We introduce GBPTREES: an algorithm for constructing merger trees from cosmological simulations, designed to identify and correct for pathological cases introduced by errors or ambiguities in the halo finding process. GBPTREES is built upon a halo matching method utilizing pseudo-radial moments constructed from radially sorted particle ID lists (no other information is required) and a scheme for classifying merger tree pathologies from networks of matches made to-and-from haloes across snapshots ranging forward-and-backward in time. Focusing on SUBFIND catalogues for this work, a sweep of parameters influencing our merger tree construction yields the optimal snapshot cadence and scanning range required for converged results. Pathologies proliferate when snapshots are spaced by less than or similar to 0.128 dynamical times; conveniently similar to that needed for convergence of semi-analytical modelling, as established by Benson et al.

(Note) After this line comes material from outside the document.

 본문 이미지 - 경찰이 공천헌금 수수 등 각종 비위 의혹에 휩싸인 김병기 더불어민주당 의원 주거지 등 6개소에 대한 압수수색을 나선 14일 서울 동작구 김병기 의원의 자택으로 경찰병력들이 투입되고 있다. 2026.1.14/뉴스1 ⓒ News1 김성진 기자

Total merger counts are converged at the level of similar to 5 per cent for friends-of-friends (FoF) haloes of size n(p) greater than or similar to 75 across a factor of 512 in mass resolution, but substructure rates converge more slowly with mass resolution, reaching convergence of similar to 10 per cent for n(p) greater than or similar to 100 and particle mass m(p) less than or similar to 10(9) M-circle dot. We present analytic fits to FoF and substructure merger rates across nearly all observed galactic history (z <= 8.5). While we find good agreement with the results presented by Fakhouri et al. for FoF haloes, a slightly flatter dependence on merger ratio and increased major merger rates are found, reducing previously reported discrepancies with extended Press-Schechter estimates. When appropriately defined, substructure merger rates show a similar mass ratio dependence as FoF rates, but with stronger mass and redshift dependencies for their normalization.